- Directed by: Rafal Zielinski
- Screenplay by: Kathy Mackel; Stan Foster;
- Based on: Hangman's Curse by Frank Peretti
- Produced by: Jerry Rose; Rich Cowan; Ralph Winter; Joe Goodman; Bobby Neutz; Frank Peretti; Steve Buhai; Kelly Neutz;
- Starring: David Keith; Mel Harris; Leighton Meester; Douglas Smith; Frank Peretti; Daniel Farber; William R. Moses;
- Cinematography: Dan Heigh
- Edited by: Mary Morrisey; Tiffany Wallach;
- Music by: David Bergeaud
- Production companies: Total Living Network; Namesake Entertainment; North by Northwest Productions;
- Distributed by: 20th Century Fox
- Release date: September 12, 2003 (United States);
- Running time: 106 minutes
- Country: United States
- Language: English
- Budget: $2 million
- Box office: $168,406

= Hangman's Curse (film) =

2003 film by Rafal Zielinski

Hangman's Curse is a 2003 American horror thriller film directed by Rafal Zielinski, based on the 2001 Christian novel of the same name by Frank Peretti. The film stars David Keith, Mel Harris, Leighton Meester, and Douglas Smith, with a cameo by novelist and Northwest native Peretti. The filming took place in Spokane, Washington, with interior and exterior shots of John R. Rogers High School. Additional exterior shots were filmed at nearby Riverside State Park, as well as Winnipeg, Manitoba, Canada.

== Plot ==
The film is set at John R. Rogers High School in Spokane, Washington. Ten years prior, student Abel Frye, a victim of bullying, had committed suicide by hanging himself on the school property. Fast-forward to the current day, when several student football players (who are also school bullies) are mysteriously becoming gravely ill. Just before falling into a coma, each victim is heard screaming the spirit's name, Abel Frye. In an effort to get to the bottom of the haunting, the school turns for help to the Veritas Project, a team of highly trained investigators who work undercover to unravel the truth about paranormal activities. The Veritas Project consists of the members of the Springfield family, including father Nate, mother Sarah, daughter Elisha, and son Elijah.

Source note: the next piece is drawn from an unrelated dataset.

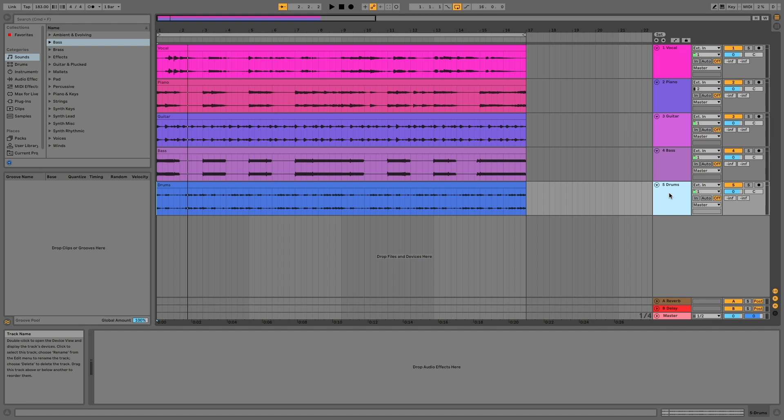All right, so first we have a project here. I'm in Ableton. I've got a song I've been working on. Let me just play you a little bit of it so you get a feeling of the context of this song.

The high-school students in the film represent various social classes or youth subcultures, including jocks, geeks, and goths. Prominent among the students in the film are members of the goth culture, who worship the ghost of Abel Frye. The goth students are led by Ian Snyder. Unbeknownst to the rest of the school, Norman Bloom, a young geek Elisha befriended, is Frye's nephew. In retaliation for the bullying and mistreatment inflicted on the different students, Bloom exacts revenge on the popular football players.

Bloom's plan includes gaining access to the locker of each targeted bully and placing a deadly male spider, trapped in a straw, inside the locker. Bloom then gives the bully tainted money, upon which he has secretly placed trace amounts of female spider pheromones. When the unsuspecting bully reaches into his locker, the waiting male spider is easily attracted to the pheromones, and then crawls out and bites the student. Among the effects of the toxin, the affected students experience hallucinations, believing that the ghost of Abel Frye is after them.

At one point, Bloom accidentally puts an additional female spider in one of the straws, which results in thousands of deadly spiders overtaking the school. Elisha Springfield, attending the school undercover as a student, eventually figures out the mystery and the diabolical plot designed by Norman Bloom. In fear of being discovered, Bloom attempts to keep his involvement in the haunting hidden by poisoning both himself and Elisha with a spider, hoping that they will both die. When Elijah figures out that Bloom is behind the sinister attacks in the school, he races to find his sister, and the Springfield family rush to professor and scientist Dr. Algernon Wheeling, who saves Elisha with an antivenom. In the end, the students at Rogers High School are protected not only from haunting and harm from others but from the harm brought on by their own hatred and fear as well.

== Reception ==
Hangman's Curse received universally negative reviews. On the review aggregator website Rotten Tomatoes, the film holds an approval rating of 0% based on 6 reviews, with an average rating of 2.9/10. Some Christian reviewers were more lenient, with Christian Spotlight on Entertainment giving the film three out of five stars.